The Siege of Gondor
Gondor has long been the defender of the lands behind it, standing against the Mountains of Shadow, keeping vigilance over Mordor. The Stewards know this: Boromir said as much at the Council of Elrond, and Denethor has referenced it on multiple occasions before the presence of Pippin. This long and laborious task has fallen on the men on Minas Tirith, and Denethor muses on what it has been worth:
“We who have lived long under the Shadow may surely listen to echoes from a land untroubled by it? Then we may feel that our vigil was not fruitless, though it may have been thankless.”
There is certainly a strength in these words of Denethor, and most certainly a pride, almost a bitterness. The Stewards have long been focused on the defend of Gondor, assuming that Middle-earth’s fate depended solely on its resistance and its failing. There is no question that the city of kings is a stronghold for good, and that its defense has long kept other lands to the West from terror. Yet Denethor forgets – or more likely discounts – the hard work of others, of Elves, and Dwarves, and other men – to resist the work of the Enemy, wherever it may appear.

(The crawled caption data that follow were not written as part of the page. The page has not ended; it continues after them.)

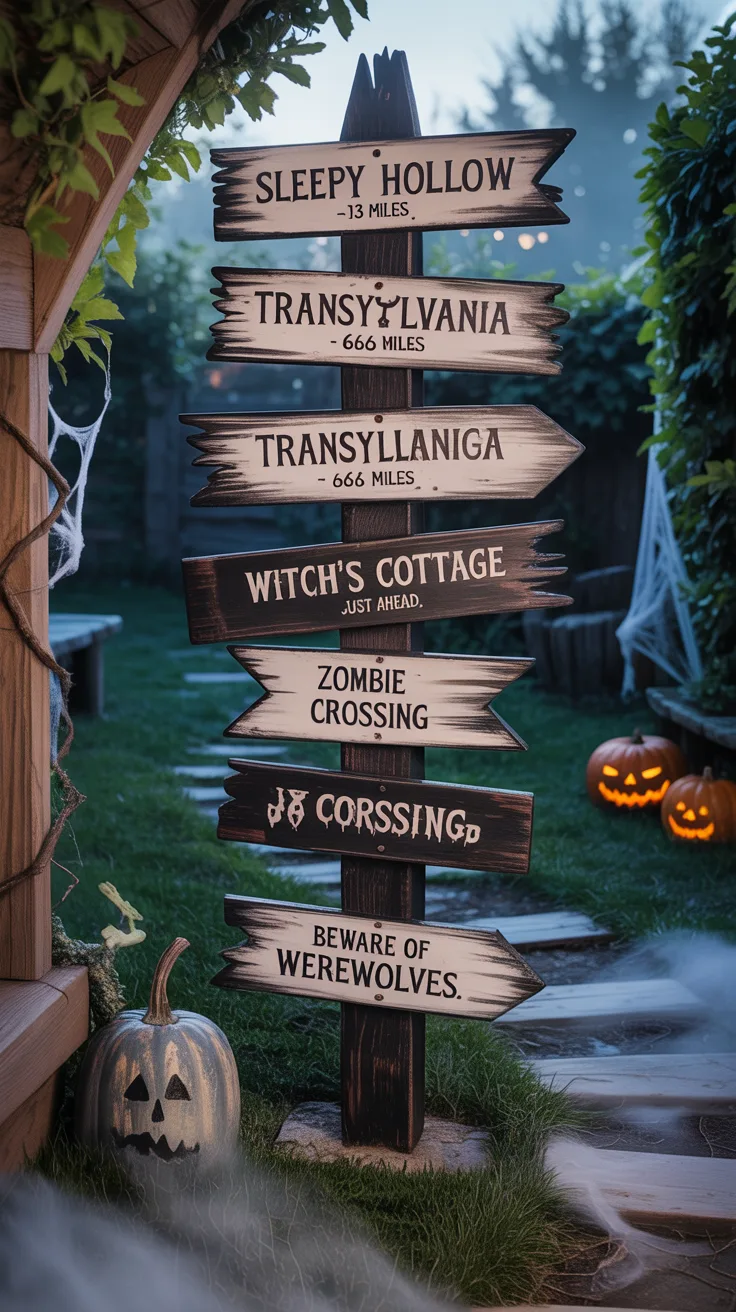 8. Haunted Garden Sign Posts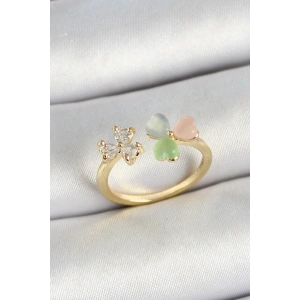 Erb Pirinç Kalp Figürlü Zirkon Taşlı Gold Renk Ayarlanabilir Kadın Yüzük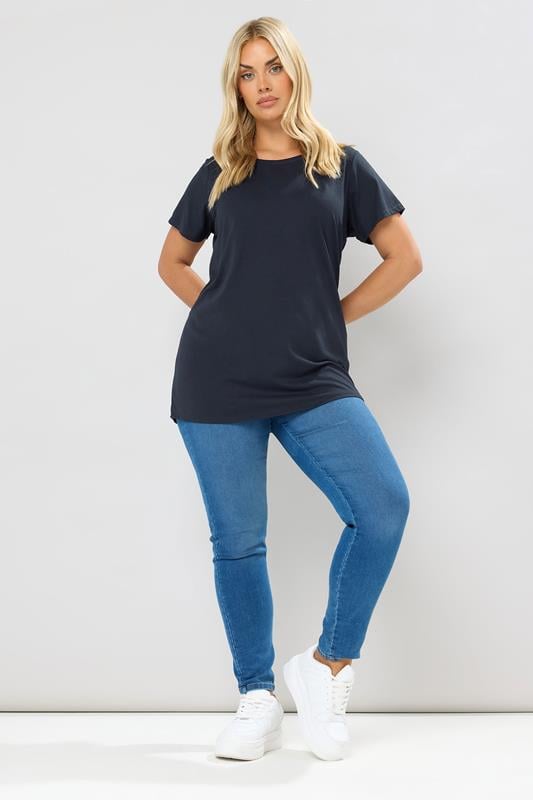 Evans YOURS Curve Dark Blue Short Sleeve T-Shirt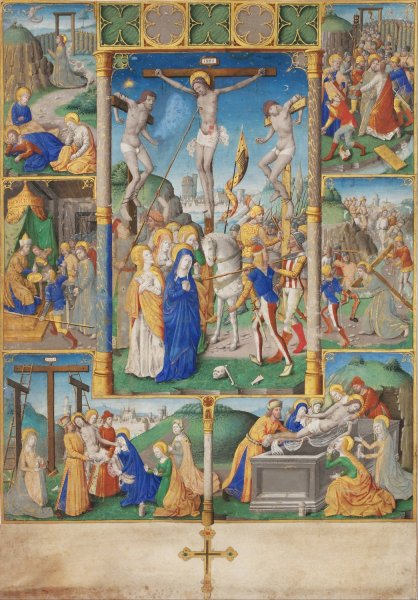 The Crucifixion with Six Passion Stories  by Master Of Jacques De Besancon - Hand-Painted Oil Painting Reproduction
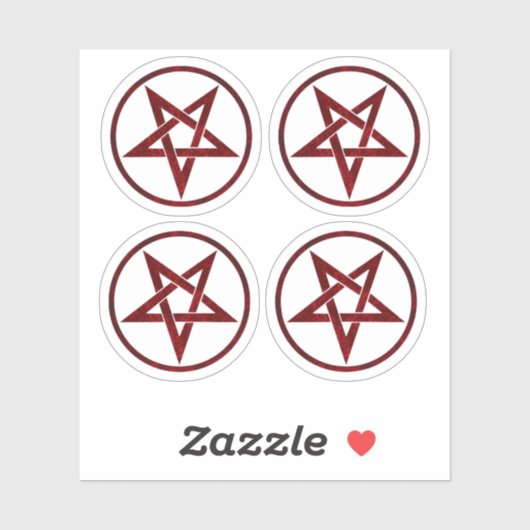 Sticker Pentagram Red Devil (Feuille)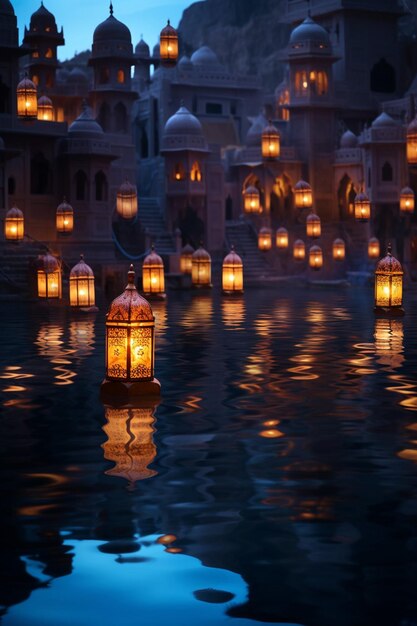 los reflejos de las linternas de Ramadán en el agua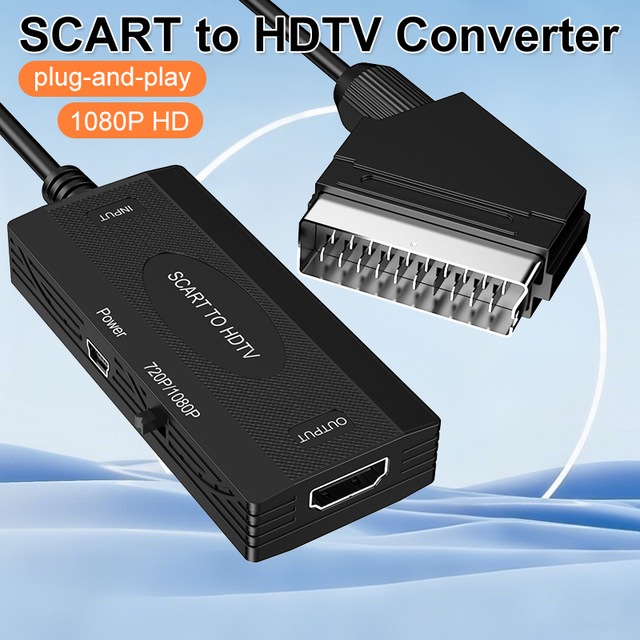 SCART to HDTV Converter Plastic 1080P HD Video Audio Adapter for VHS Retro Game Consoles to HDTV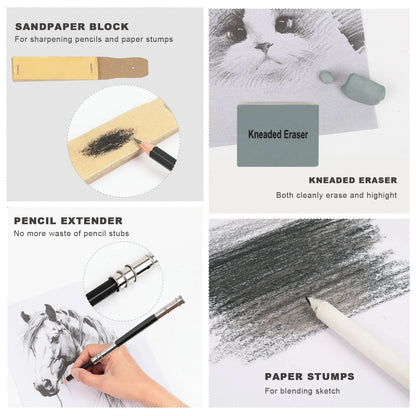 14-60 pcs Drawing Set Sketching Kit - Art Supplies,for Adults Artists with 3-Color Sketchbook,Graphite,Pastel,Charcoal Pencils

How different is Denethor’s perspective on the burden of defending the defenseless when compared to his long sundered kinsmen, Halbarad, ranger of the North:
“A little people, but of great worth are the Shire-folk. ‘Little do they know of our long labour for the safekeeping of their borders, and yet I grudge it not.”
For Aragorn and his kin, the defense of those unable to defend themselves is an inherently good act, not requiring praise or thanks or even acknowledgement. They sacrifice themselves for the sake of the Shire because it is a good and true and beautiful place, full of hobbits and others of great worth. Their flourishing in peace and little fear is in and of itself the choice fruits of the long vigil, worthy of living long under the Shadow.
As such, we should ask ourselves: do we trend more toward Denethor or Halbarad? When we defend defenseless things – by our words, our actions, our service, our care – do we expect the praise and the glory? Do we feel resentful and bitter when thanks is not given? Do we take on the burdens before us frustrated by now experiencing their fruits? Or do we instead find hope and comfort in our sacrifices, appreciating the good, true, and beautiful even when we cannot have them for ourselves.
For the world is full of many Shires worth saving, and many Shadows that would terrorize them. The fruits of our labors are never fairest when they exist only for ourselves, and when the prize is not given to us now, then, according to our Lord, is our reward greatest in the Kingdom to come.